Is the Time Right for You to Turn Your Hobby into a Business?

0
29
fashion

When you’re not working your 40-hour a week job, you retreat to your spare bedroom, your garage, or your backyard shed. There you indulge in pursuing a hobby that probably has nothing to do with how you’re earning your living. Then comes that day when you realize that maybe instead of spending your energy working for someone else, you should put it towards working for yourself.

First Things to Consider

Before simply quitting your day job and working in your hobby, consider whether your skill level is up to making it a full-time job. Your business has a better chance of succeeding if it revolves around a special skill you can bring to the market.

Be ready to accept criticism of your work. There’s always a nay-sayer in the bunch. Along with this, ask yourself if you’re ready to do your hobby every day, with all of the deadlines and expectations of a full-time job. If you took up the hobby for relaxation, it might not be so relaxing to be trying to run it as a business.

Develop a Business Plan

As with any business, you’ll have to spend time on the not-so-fun stuff: working out a business plan, setting sales goals, and setting aside enough money to see you through the first few years before the profits can start to roll in. You’ll also want to consider whether or not to hire employees.

Let’s say, for instance, you decide to start your own clothing line since you enjoy making clothes and you always get compliments on the outfits you create. You’re going to have to figure things out like how much will you need to spend on materials, what type of clothes you want to make, and how much you need to sell your pieces for to make a profit.

Every detail of your business will need to be included in your business plan… even down to the clothing label vendor you choose. Nonetheless, you want quality at a reasonable price, and that’s why you may choose to go with Wunderlabel for your clothing tags.

Another thing to take into account is whether working out of your home will be feasible once you’re working 40 or more hours a week. Do you want employees coming to your home to work? Are you ready to take on renting or owning a business location in addition to your home expenses? These are a couple of the realities of running a business.

Get to Know Someone Already in Your Field of Interest

Consider taking some time to meet with a financial advisor or accountant about potential expenses you may not have thought about. Even better, meet with someone already working in the field. Learn if there’s even a demand for your product. Your friends and neighbors might promise to buy from you, but many won’t come through when the time comes.

The number of newly established businesses grew this past year while people were isolated and out of work. They saw turning their pastimes and hobbies into work as a means to bring in income.

When Can a Hobby Become Your Work?

Keep in mind that in the majority of these cases, the people who succeed at turning a hobby into a business were usually already working their hobby as a second job before making the switch. Doing this lets you develop the contacts and publicity you’ll need to succeed when you start to work your hobby full time.

Just because you have a quality product doesn’t mean you’ll succeed immediately. The reality is that the majority of new businesses fold within the first two years.
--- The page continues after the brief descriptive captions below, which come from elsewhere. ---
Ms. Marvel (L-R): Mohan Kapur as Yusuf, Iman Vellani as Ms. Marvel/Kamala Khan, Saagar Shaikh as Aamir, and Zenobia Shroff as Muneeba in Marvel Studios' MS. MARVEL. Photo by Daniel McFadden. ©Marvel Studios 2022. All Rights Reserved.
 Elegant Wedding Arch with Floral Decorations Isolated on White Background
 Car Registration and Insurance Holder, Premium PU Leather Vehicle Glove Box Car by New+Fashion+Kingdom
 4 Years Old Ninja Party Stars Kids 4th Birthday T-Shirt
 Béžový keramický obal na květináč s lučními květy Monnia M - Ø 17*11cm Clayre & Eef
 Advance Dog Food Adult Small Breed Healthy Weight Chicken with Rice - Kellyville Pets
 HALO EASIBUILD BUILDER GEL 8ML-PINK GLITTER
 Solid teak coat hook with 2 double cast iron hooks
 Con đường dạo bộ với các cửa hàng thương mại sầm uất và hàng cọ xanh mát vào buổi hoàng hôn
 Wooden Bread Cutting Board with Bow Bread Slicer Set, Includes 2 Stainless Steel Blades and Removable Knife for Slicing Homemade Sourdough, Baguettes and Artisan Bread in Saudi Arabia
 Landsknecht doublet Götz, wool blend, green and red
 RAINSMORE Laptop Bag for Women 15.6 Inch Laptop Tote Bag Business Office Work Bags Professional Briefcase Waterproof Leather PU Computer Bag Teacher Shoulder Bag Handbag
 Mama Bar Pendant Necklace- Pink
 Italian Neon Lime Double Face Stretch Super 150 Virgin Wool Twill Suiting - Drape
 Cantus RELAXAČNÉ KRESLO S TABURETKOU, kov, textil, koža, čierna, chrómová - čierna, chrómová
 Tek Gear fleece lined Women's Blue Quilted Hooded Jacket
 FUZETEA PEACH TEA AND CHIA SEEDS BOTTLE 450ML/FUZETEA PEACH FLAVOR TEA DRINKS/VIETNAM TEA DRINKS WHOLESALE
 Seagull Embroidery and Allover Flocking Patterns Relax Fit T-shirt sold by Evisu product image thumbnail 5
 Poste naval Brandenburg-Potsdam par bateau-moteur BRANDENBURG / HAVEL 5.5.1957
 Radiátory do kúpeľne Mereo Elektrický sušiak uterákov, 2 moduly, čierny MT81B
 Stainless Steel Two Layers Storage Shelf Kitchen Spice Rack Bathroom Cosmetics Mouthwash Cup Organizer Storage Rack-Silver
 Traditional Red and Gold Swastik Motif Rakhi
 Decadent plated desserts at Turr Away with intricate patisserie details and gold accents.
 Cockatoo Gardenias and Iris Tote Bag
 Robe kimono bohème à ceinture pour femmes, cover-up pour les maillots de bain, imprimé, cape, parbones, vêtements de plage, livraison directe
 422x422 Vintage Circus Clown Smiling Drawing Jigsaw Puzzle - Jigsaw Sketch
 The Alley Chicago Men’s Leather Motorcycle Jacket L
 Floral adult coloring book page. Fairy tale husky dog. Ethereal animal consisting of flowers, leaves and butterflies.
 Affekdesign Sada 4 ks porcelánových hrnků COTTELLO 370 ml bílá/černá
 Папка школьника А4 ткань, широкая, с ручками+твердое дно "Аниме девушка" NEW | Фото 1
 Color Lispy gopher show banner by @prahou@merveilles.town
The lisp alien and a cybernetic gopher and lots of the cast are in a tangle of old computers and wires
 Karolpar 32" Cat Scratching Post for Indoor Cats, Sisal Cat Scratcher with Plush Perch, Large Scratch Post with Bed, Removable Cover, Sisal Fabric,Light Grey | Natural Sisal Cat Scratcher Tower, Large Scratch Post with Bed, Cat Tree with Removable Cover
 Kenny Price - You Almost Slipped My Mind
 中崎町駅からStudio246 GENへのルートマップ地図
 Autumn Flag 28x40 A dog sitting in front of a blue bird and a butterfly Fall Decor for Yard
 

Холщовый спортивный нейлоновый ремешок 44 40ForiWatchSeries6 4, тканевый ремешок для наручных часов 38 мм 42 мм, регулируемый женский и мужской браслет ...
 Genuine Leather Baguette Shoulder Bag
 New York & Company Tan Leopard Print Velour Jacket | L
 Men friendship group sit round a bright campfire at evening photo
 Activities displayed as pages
This usually happens because not enough money is set aside to cover living expenses and potential emergencies to allow for the time it can take to start seeing a profit.

Average Lifespan of a Business

If they make it past the two-year barrier, most businesses still shut down after five years. Many people are simply not ready for the responsibilities of running their own business. It might be that you’re more suited to being a loyal employee for someone else as opposed to being an entrepreneur. Owning and running a business is not for everyone.

You Have to Be Accessible Online

Another consideration for modern businesses is developing your online presence. Today people expect a business to have a website with options to see a map and get directions to a physical location if you have one. They expect to see a blog with current posts and a place to read any reviews you’ve received.

Turning your hobby into a business can be rewarding. It can be a way to break out of the routine 9 to 5 office environment into one where you are your own boss and set your own hours. But it is a responsibility and not a decision you want to take lightly. Take some time out of your day to sit down and really think through what all is entailed in running a business. In the end, it could be that making your hobby your job is the right option for you.